The statement "Mismatch loss represents the amount of power wasted in the system" is correct, but not represented by the equations presented, because the equations do not take into account the resistive losses of the transmission lines, the actual source of the losses. Even with a lossy transmission line, some of the reflected power will be re-reflected to the load, and therefore not wasted. It's my opinion that this article promotes some deeply held myths, and should hold a worthy place in Wikipedia, but should be re-written to present the facts about mismatched losses. — Preceding unsigned comment added by Nojiratz (talk • contribs) 14:01, 15 November 2021 (UTC)

Mismatch loss is an ambigous misnomer

Talk:

The page describes what better is known as "Return Loss". Reflections only occur, where there are waves involved, that are reflected, i.e. meaning returning on a transmission line or waveguide in opposite direction. (Other than using that ambigously confusing misnomer "Mismatch Loss" , the page does make a correct difference, though. It is very valuable. Don't delete it).

So the title should be changed. That includes Links to that title, which unfortunately isn't that easily done.
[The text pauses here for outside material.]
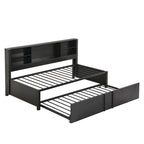 Lit de repos double en métal avec lit gigogne double, étagères de rangement et ports USB, noir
Alternatively, both possible meanings should be described inambigously and a well distinguishing subtitle for each meaning should be used to stop omnipresent confusion.

Reason: Though a transmission line has a characteristic line "Impedance" and can be terminated in a "mismatched" manner, the result on the line is "Return Loss", but should not be synonymed "Impedance Mismatch Loss".

Correctly named "Impedance Mismatch Loss" is caused by terminating a complex impedance source (or a Thévenin equivalent toward the source at a circuit point) with a complex impedance load that is not conjugate complex with respect to the source impedance.

In impedance mismatch there is no reflection involved. Current is unreflected. It only flows through source and load identically and in one way only.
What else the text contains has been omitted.